Exercise details: Leave the pictures out and give every entry again exactly.

::: Records supplied :::

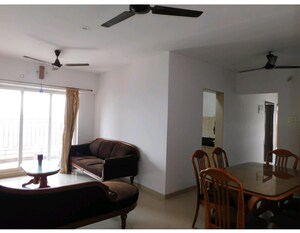Living Room in 2 BHK Apartment at STG Marigold Siddheshwar Garden, Dhokali – for Rent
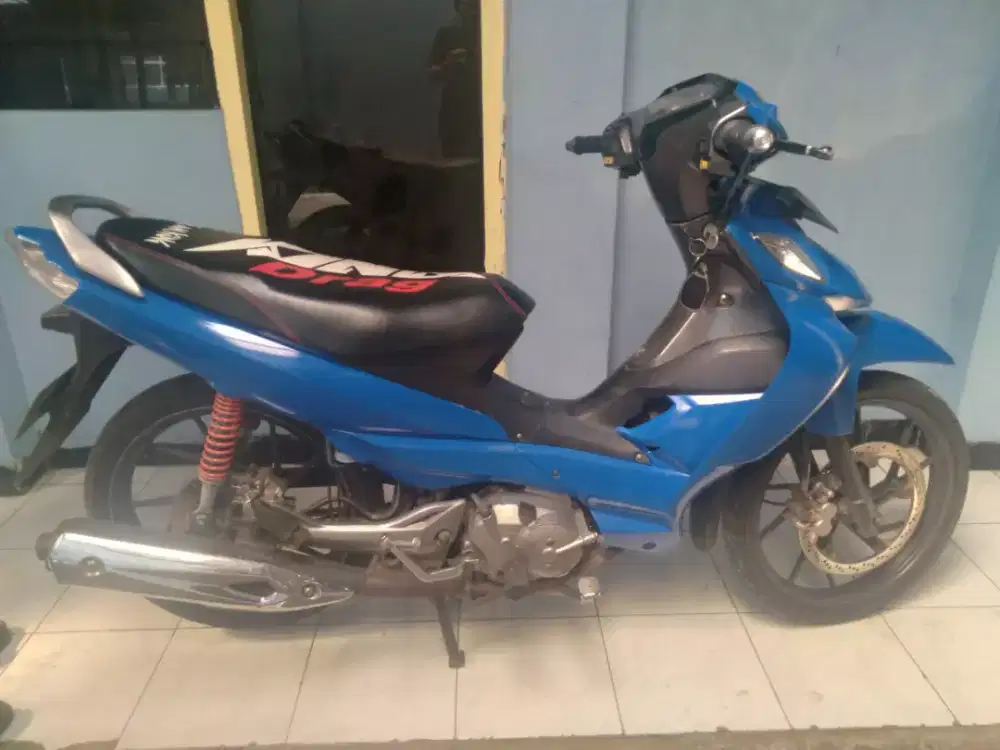 Suzuki shogun sp thn 2007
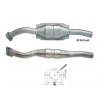 Magnaflow Katalyzátor na CITROËN PEUGEOT 
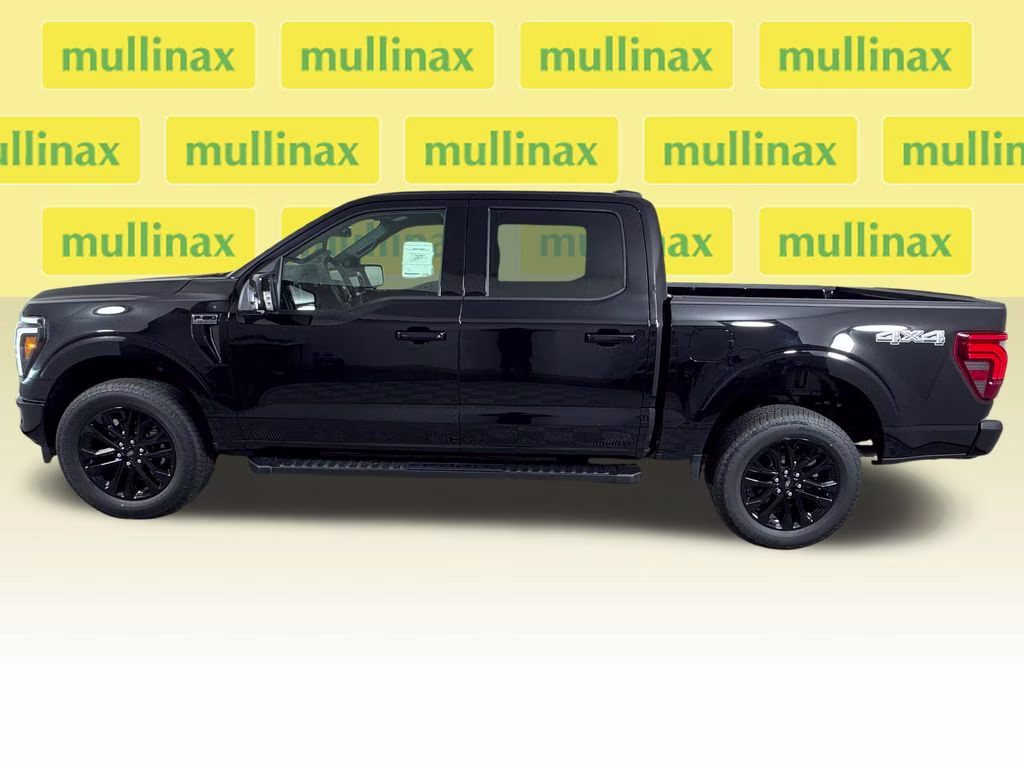 2026 Agate Black Metallic Ford F-150 Lariat 4X4 Truck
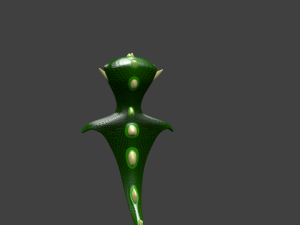 dragon head helmet 3D Model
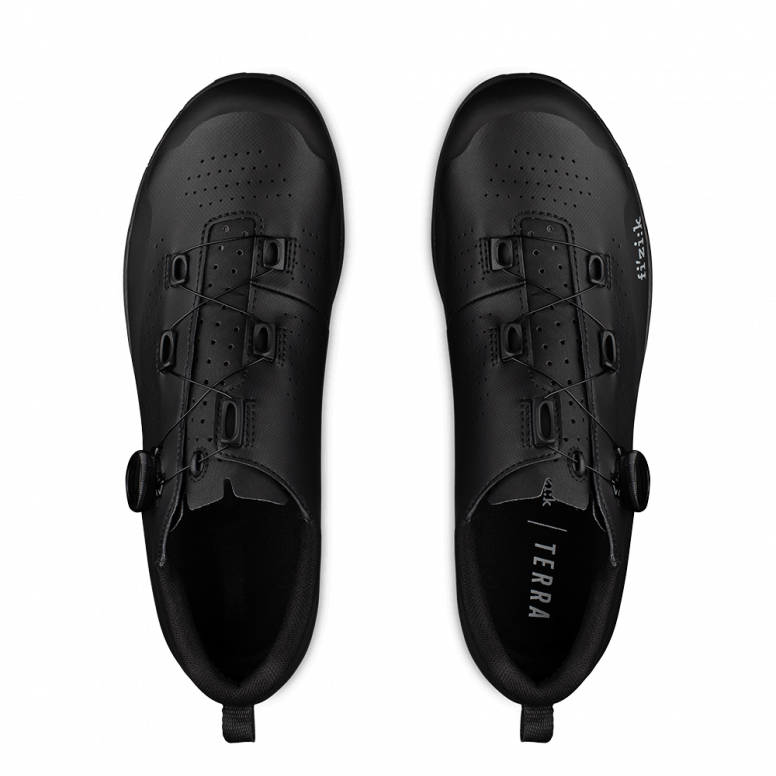 Terra Atlas Gravel Cycling Shoes - Black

:::

Result of this exercise:
Living Room in 2 BHK Apartment at STG Marigold Siddheshwar Garden, Dhokali – for Rent
 Suzuki shogun sp thn 2007
 Magnaflow Katalyzátor na CITROËN PEUGEOT 
 2026 Agate Black Metallic Ford F-150 Lariat 4X4 Truck
 dragon head helmet 3D Model
 Terra Atlas Gravel Cycling Shoes - Black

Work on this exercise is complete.